## SUPPLIED DATA
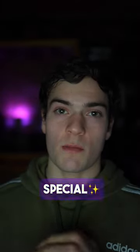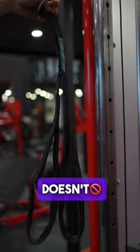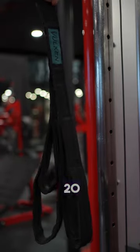All right, quick tip on your next arm day — try out this tricep and bicep superset with this special attachment. The cable attachment I'll be using is this Vulcan rope. If your gym doesn't have it, you can get it on Amazon for like 20 bucks.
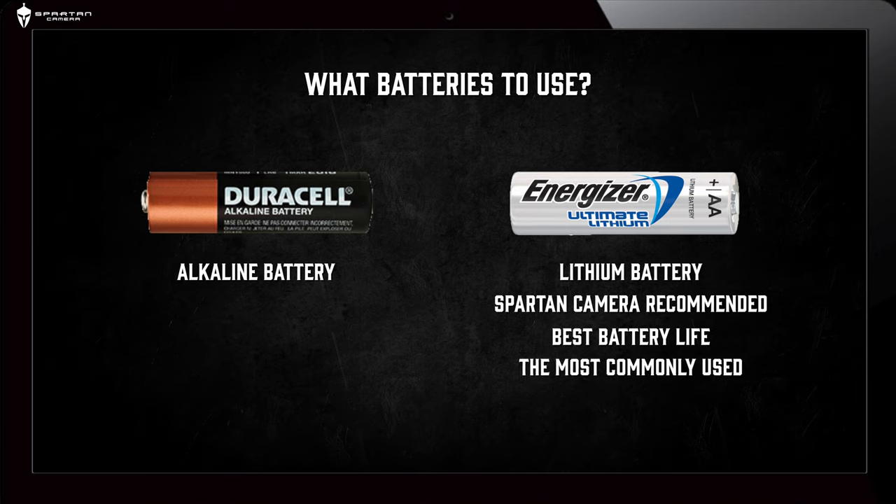Energizer lithium batteries are the most commonly used. Average battery life for lithium AA batteries can be between 4 weeks and 2 months, but can last much longer depending on usage.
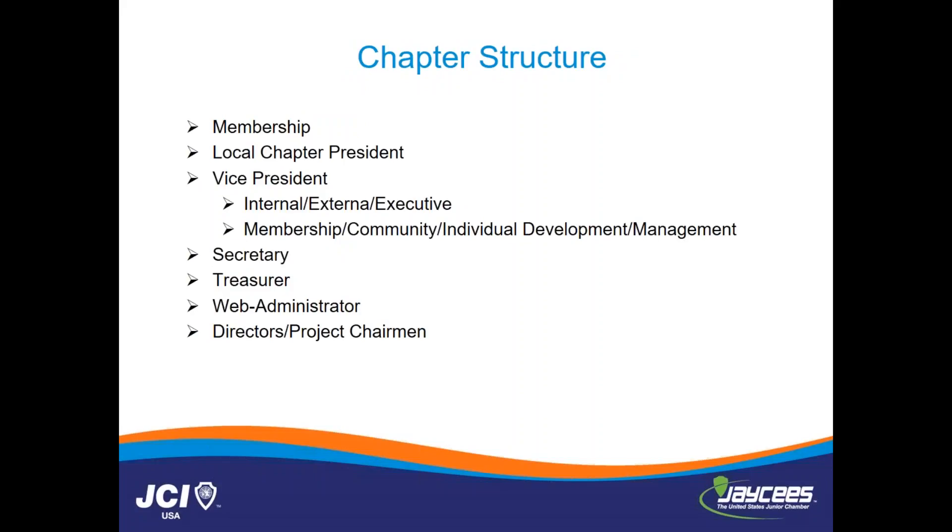So the chapter structure — obviously there's the membership, which is single-handedly the most important part of our structure. There's a local chapter president. The vice presidents are internal, external, and executive. The internal vice president handles internal communications and individual development — training, guest speakers, membership database. External handles community relations, press, PR — all the external parts of your chapter being engaged in the community. And the executive vice president is nine times out of ten the person who is going to take over as local chapter president for the following year. The executive vice president assists the local chapter president with paperwork, the CLC program, engaging them in national and state programs, and runs meetings that the local chapter president cannot attend.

## AIM OF THE TASK
Omitting all pictures, set the listing down exactly.

## ANSWER TO THE PROBLEM
All right, quick tip on your next arm day — try out this tricep and bicep superset with this special attachment. The cable attachment I'll be using is this Vulcan rope. If your gym doesn't have it, you can get it on Amazon for like 20 bucks.
Energizer lithium batteries are the most commonly used. Average battery life for lithium AA batteries can be between 4 weeks and 2 months, but can last much longer depending on usage.
So the chapter structure — obviously there's the membership, which is single-handedly the most important part of our structure. There's a local chapter president. The vice presidents are internal, external, and executive. The internal vice president handles internal communications and individual development — training, guest speakers, membership database. External handles community relations, press, PR — all the external parts of your chapter being engaged in the community. And the executive vice president is nine times out of ten the person who is going to take over as local chapter president for the following year. The executive vice president assists the local chapter president with paperwork, the CLC program, engaging them in national and state programs, and runs meetings that the local chapter president cannot attend.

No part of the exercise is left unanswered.